Description of the task. The required output is the exact run of lines in the listing below from the line holding "Madrid Chair Glider 3D Model Free" through the line holding "InterContinental Haikou Seaview", with no pictures.

══ Dataset content

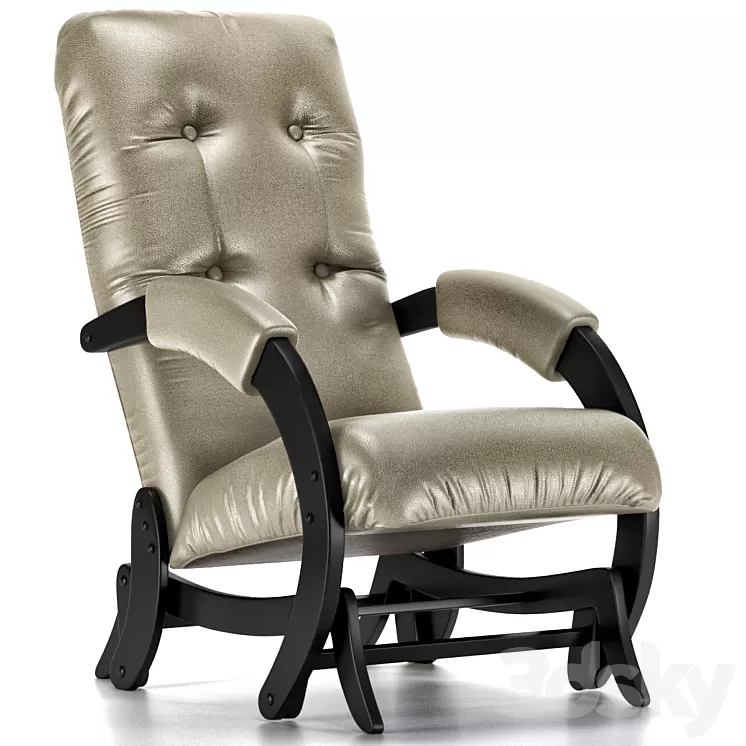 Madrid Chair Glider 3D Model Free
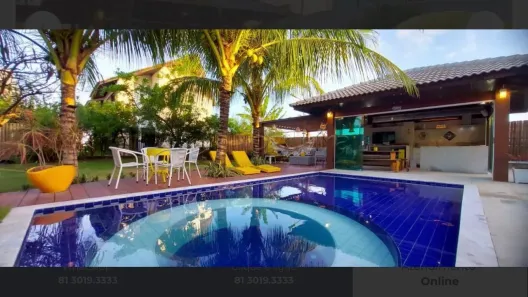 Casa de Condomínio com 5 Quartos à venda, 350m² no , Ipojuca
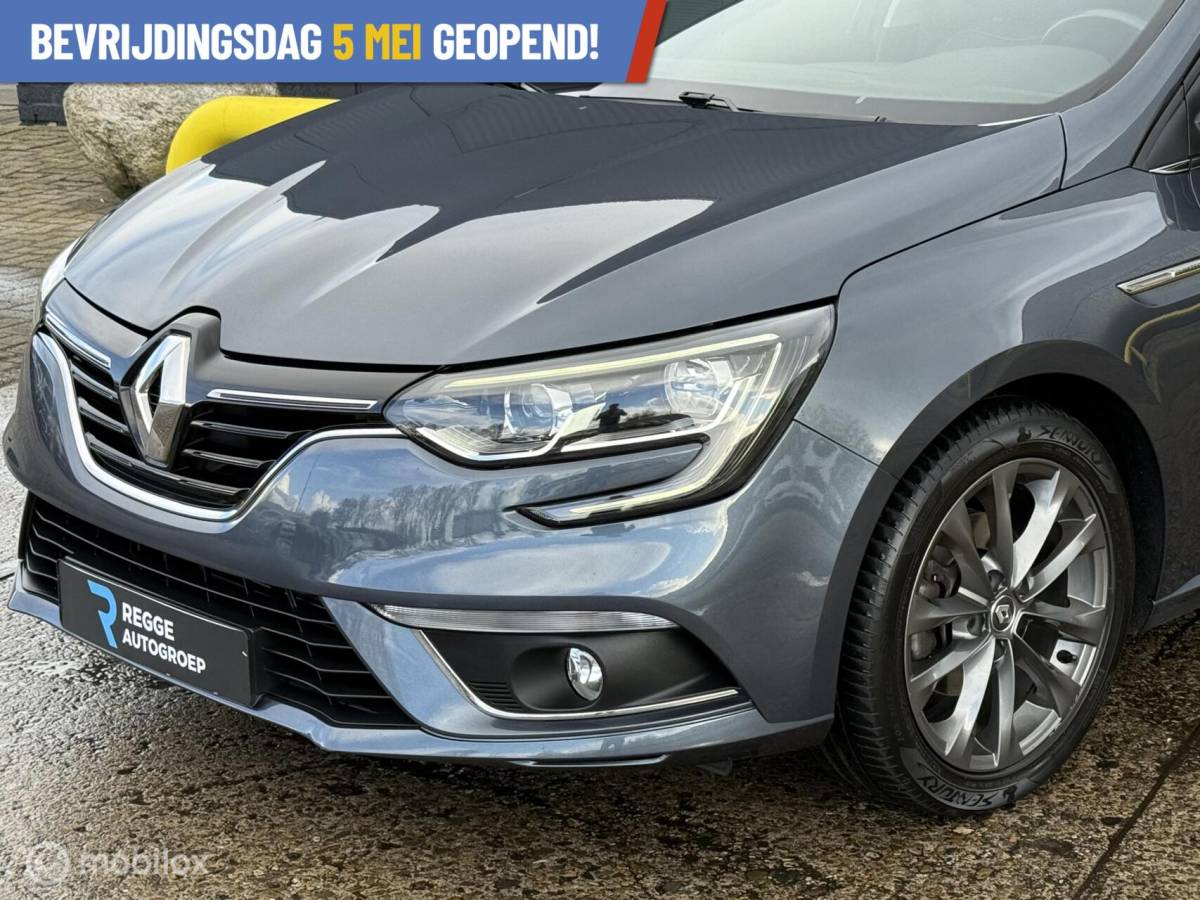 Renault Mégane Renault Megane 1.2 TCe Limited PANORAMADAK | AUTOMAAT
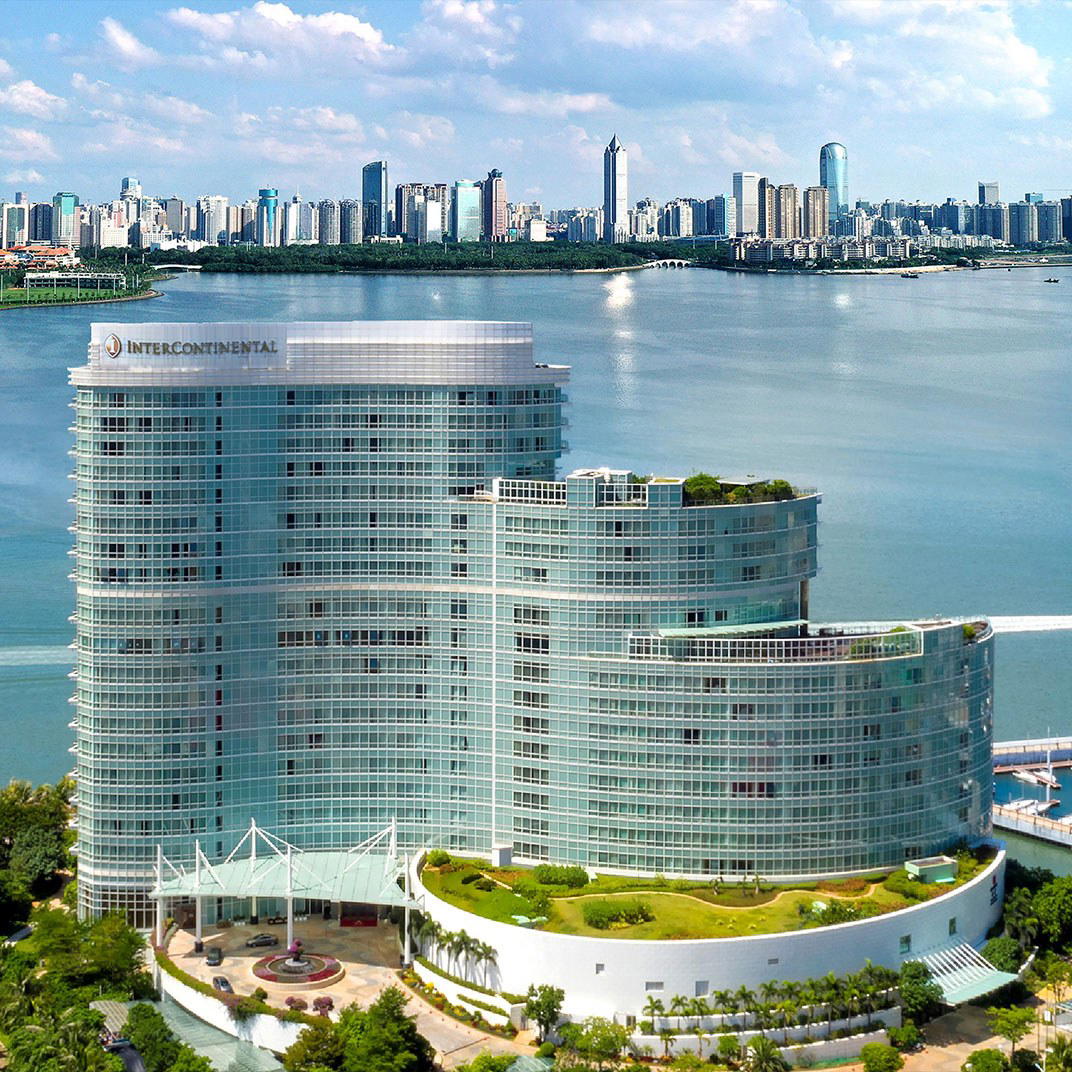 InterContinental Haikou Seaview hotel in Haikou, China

════
══ Dataset content

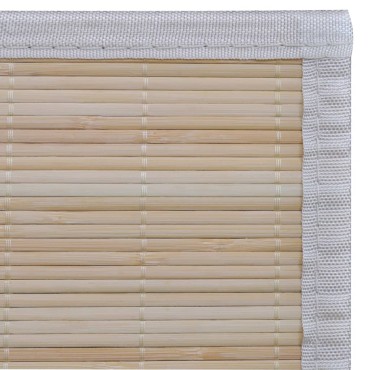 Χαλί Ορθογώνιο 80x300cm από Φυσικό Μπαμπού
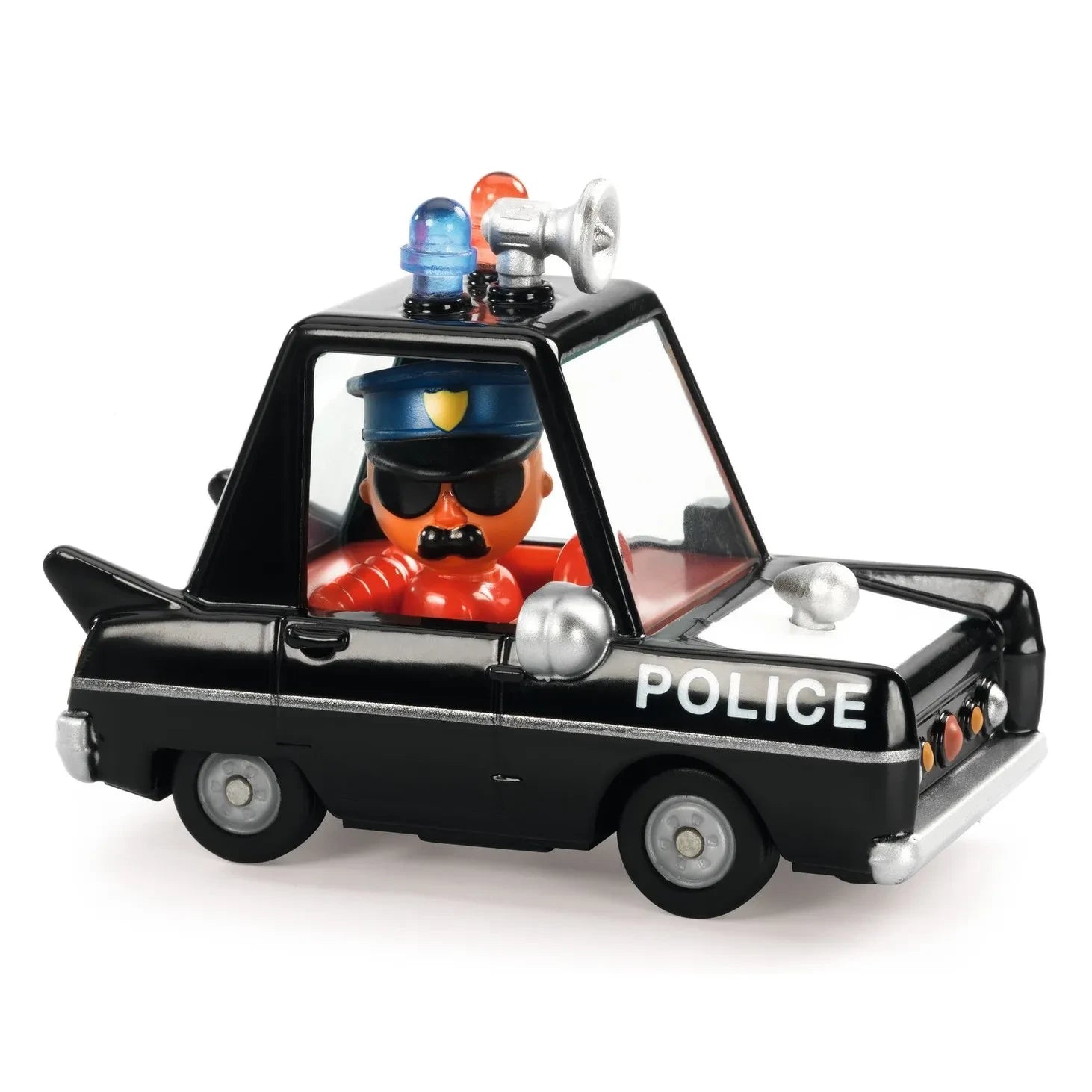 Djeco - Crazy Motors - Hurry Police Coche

════
══ Dataset content

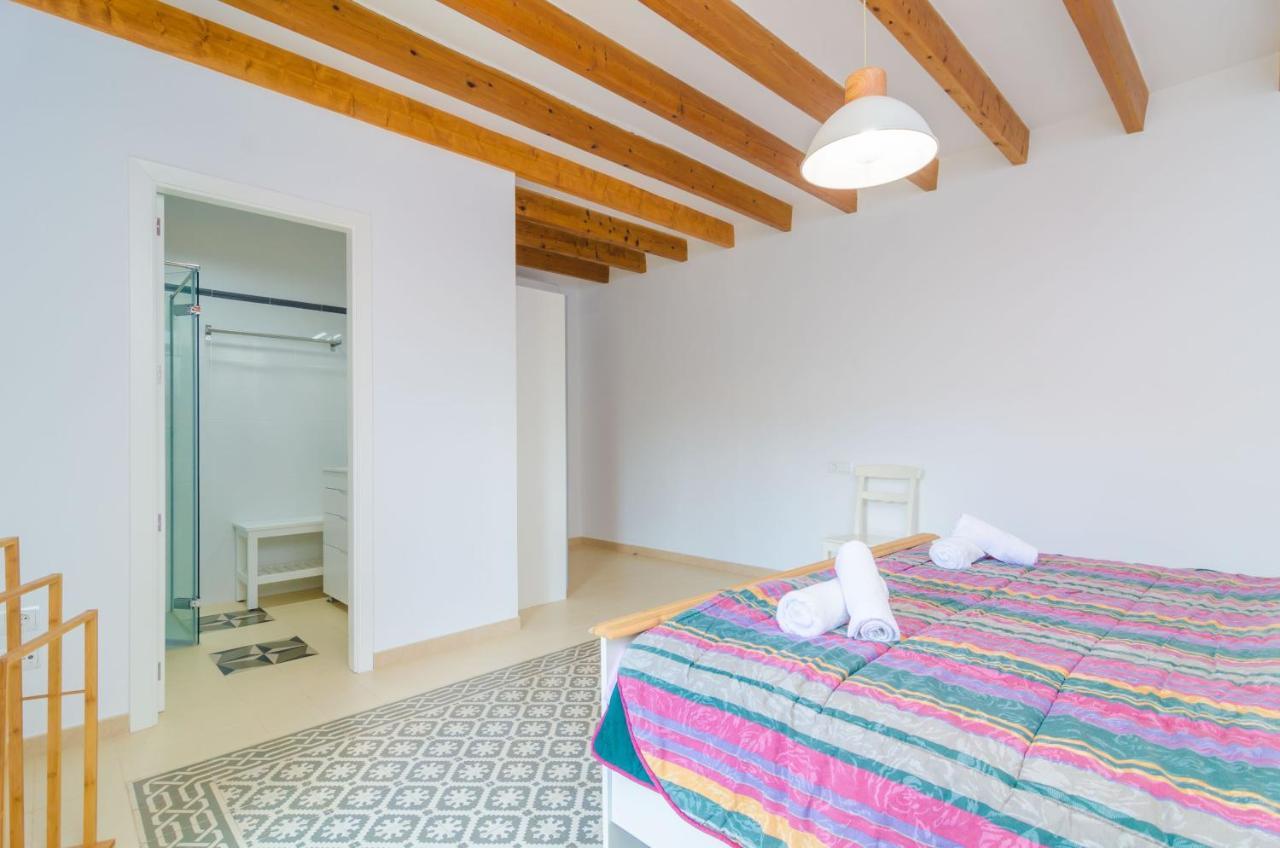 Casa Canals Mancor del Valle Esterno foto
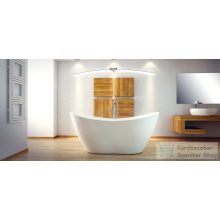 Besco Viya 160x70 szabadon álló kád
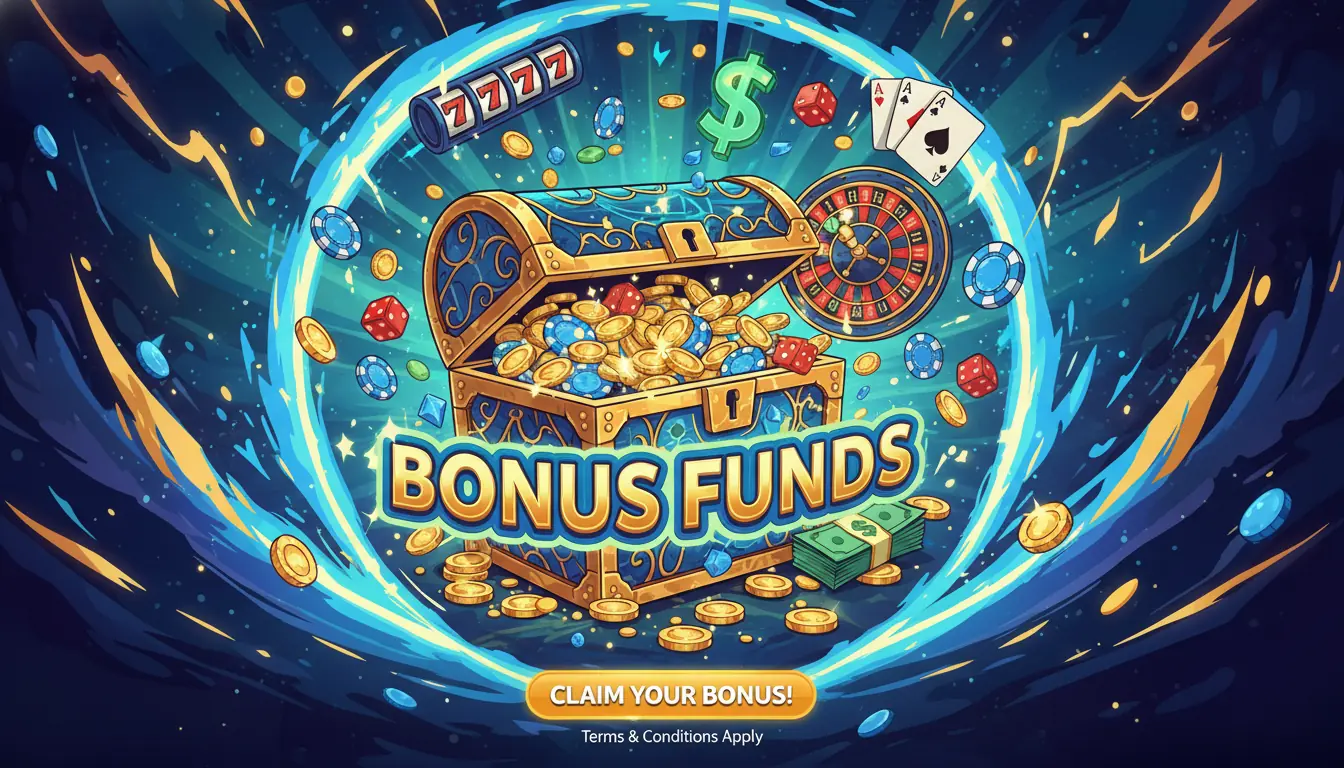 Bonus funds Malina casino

════

Problem solution.
 Madrid Chair Glider 3D Model Free
 Casa de Condomínio com 5 Quartos à venda, 350m² no , Ipojuca
 Renault Mégane Renault Megane 1.2 TCe Limited PANORAMADAK | AUTOMAAT
 InterContinental Haikou Seaview hotel in Haikou, China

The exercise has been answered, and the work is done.